The week before last, the powers-that-be at the Rocky Mountain College of Art and Design announced that president Stephen Sumner's two-year reign was over. "There was no sense of mourning," said a faculty member who attended the meeting. That's an understatement.
I taught one class a semester at RMCAD between the fall term of 1999 and the spring term of 2003, and I got to know a lot of people there. This was when Steven Steele, son of the school's founder, Philip Steele, was the president, and he treated the place as the beloved family heirloom that it is to him. When he stepped down, I knew he'd left some big shoes to fill; I just didn't know his successor would fail so emphatically to fill them.
In the summer of 2003, the list of candidates for the presidency was whittled down to two finalists: Sumner, who was then president of the New World School of the Arts in Florida, and Neal King, RMCAD's provost. During the selection process, I got a call from RMCAD faculty member and sculptor Charles Parson, who was plugging a show he had somewhere. I knew that Parson was on the presidential selection committee, so I told him I thought King was clearly the best choice for the job. "We have two great candidates," he said. "You're wrong, Chuck," I replied. But as I hung up the phone, I knew that RMCAD was poised to make a very bad hiring call.
This was at the same time the school was embarking on a move from the ugly buildings on Evans Avenue in east Denver to the gorgeous campus on Pierce Street in Lakewood. One might expect a new president to have made at least a glad-handing appearance during the monumental relocation, but Sumner didn't.
Maybe his absence was a blessing, because once he got there, he sent most of the people at RMCAD reeling. In Sumner's initial meeting with the faculty, he began to shoot himself in the foot with a machine gun. For example, he wanted to be addressed as "Mr. President" -- no kidding -- and he wanted the male faculty to wear ties.
These quirky moves had a somewhat negative effect on morale, but they were nothing compared to the reaction to Sumner's firing of his former rival for the presidency, provost King. With the King firing, all hell broke loose, and Sumner had no chance of regaining the faculty's support -- even after promoting some of his harshest critics.

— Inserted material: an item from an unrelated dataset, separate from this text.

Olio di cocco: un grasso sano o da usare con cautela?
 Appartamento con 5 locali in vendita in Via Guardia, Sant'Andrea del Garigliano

I covered King's firing ("Promises and Threats," January 22, 2004) and wrote stridently about it, because I wanted to do all I could to circumvent a secret plan Sumner had to get rid of others at RMCAD. I had inside information that Sumner was compiling formal complaint files on two of the school's most beloved teachers, Clark Richert (who was on the presidential search committee and had been in King's corner) and Ania Gola-Komar, with the presumed goal of ultimately firing them. I wanted to scare Sumner off, because I couldn't stand that some guy from out of town (who I knew was going to be gone in a year or two anyway) would swoop in and ruin the lives of two great people I've long admired for their dedication.

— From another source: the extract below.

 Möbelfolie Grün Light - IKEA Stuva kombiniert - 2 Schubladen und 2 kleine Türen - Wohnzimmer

I think I can say that my plan worked, because after my piece appeared, Richert and Gola-Komar were off the hook as Sumner became increasingly circumspect about his behavior. There is no formal explanation for Sumner's departure, but the word is that RMCAD's board of trustees reacted to a second year of overwhelmingly negative appraisals of the president by the faculty.
There's a postscript to this story: Parson, Sumner's tireless cheerleader, has also left RMCAD. He wasn't forced out like his pal, but went under his own power to become head of the art department at the Community College of Denver.
Former president Steele is taking the helm as interim president at RMCAD, and a search for a permanent replacement will get under way soon. I wonder if King, who is now at Antioch College in New Hampshire, could be persuaded to come back? It's worth a try.